● ABOUT THIS EXERCISE
Your answer must consist solely of the lines from the one containing "Meerblick TUI MAGIC LIFE Penelope Beach" through the last line of the records below, reproduced exactly, with all pictures omitted.

# # # # #

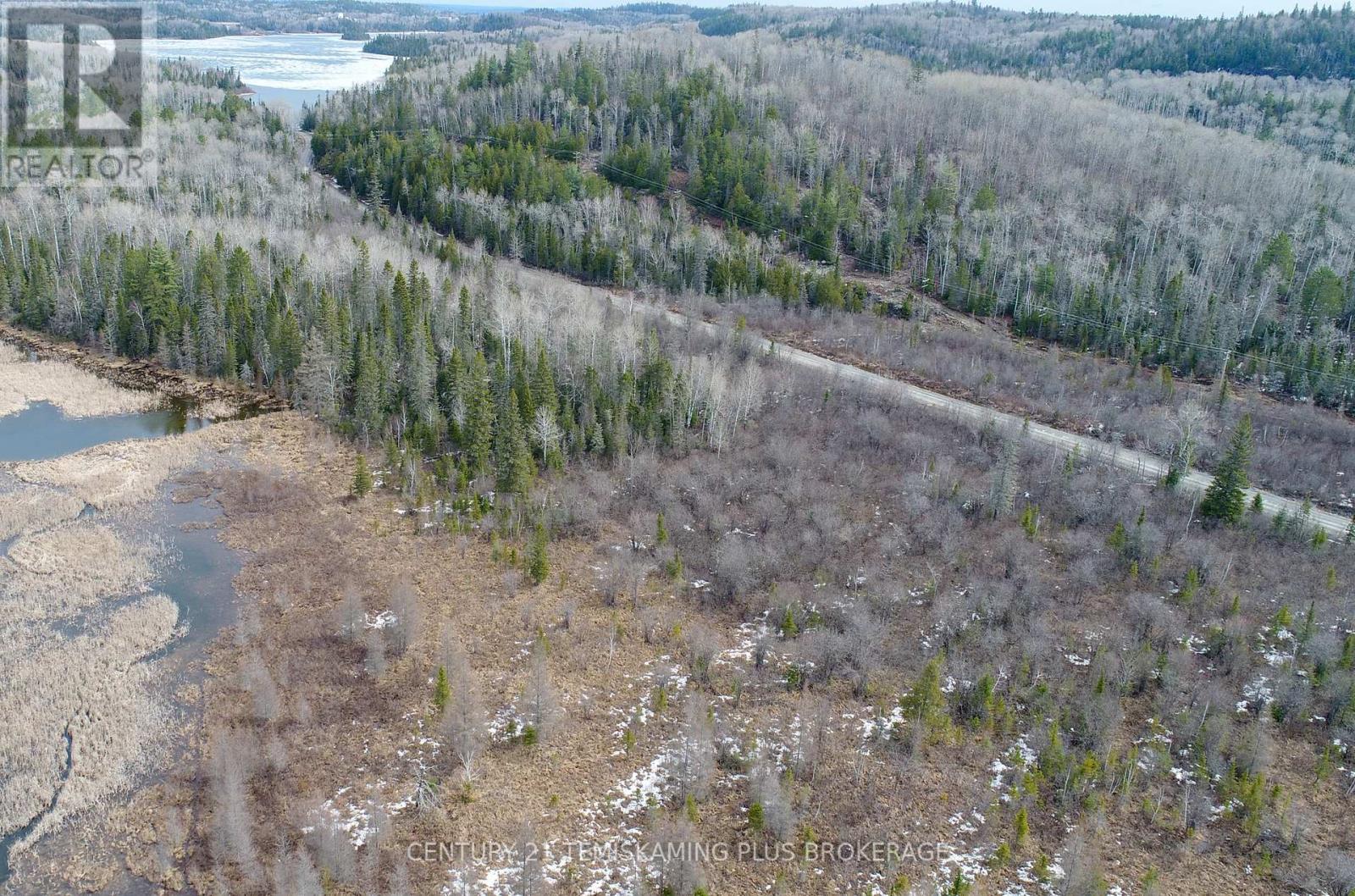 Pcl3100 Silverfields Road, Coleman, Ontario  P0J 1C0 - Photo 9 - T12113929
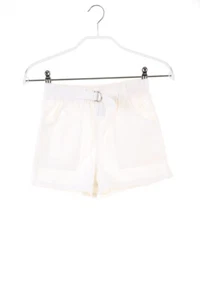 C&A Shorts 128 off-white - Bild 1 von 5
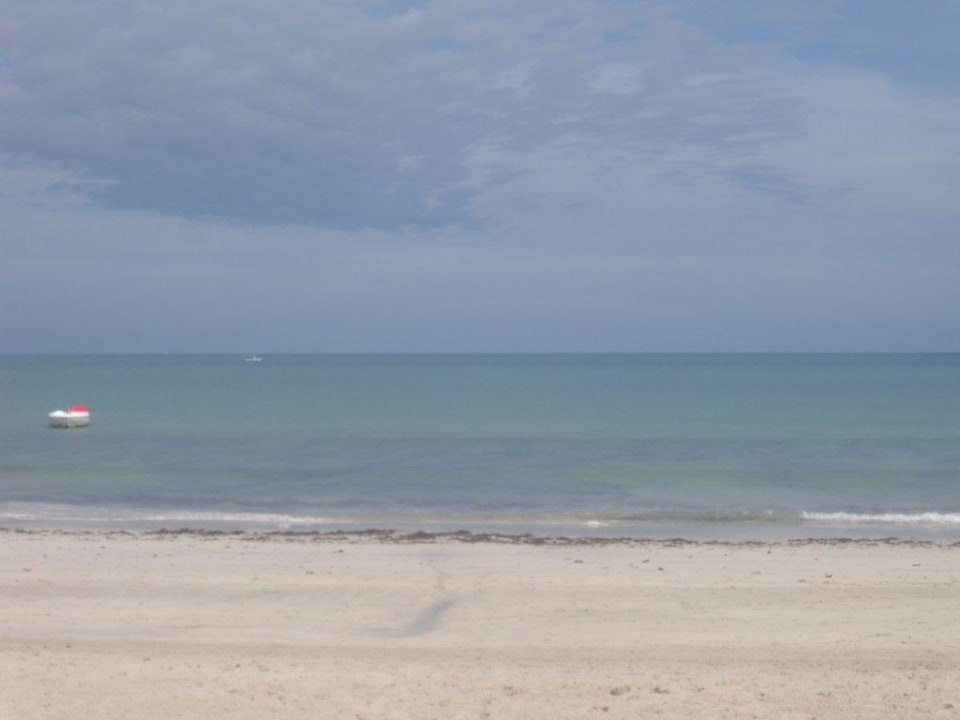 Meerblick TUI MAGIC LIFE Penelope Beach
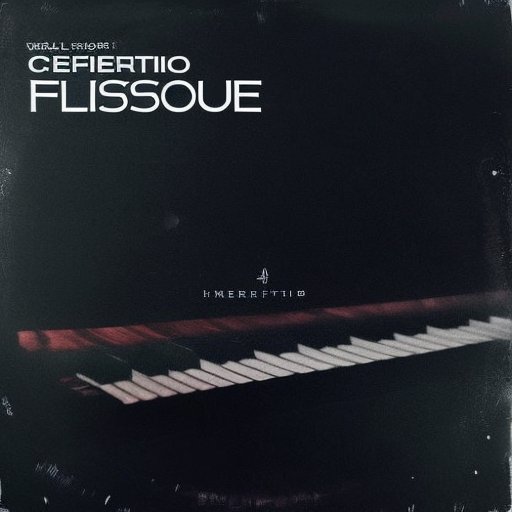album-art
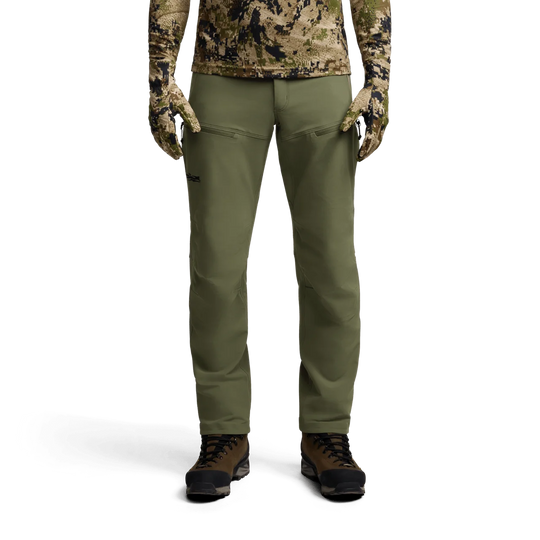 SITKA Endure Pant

# # # # #

● EXERCISE RESULT
 Meerblick TUI MAGIC LIFE Penelope Beach
album-art
 SITKA Endure Pant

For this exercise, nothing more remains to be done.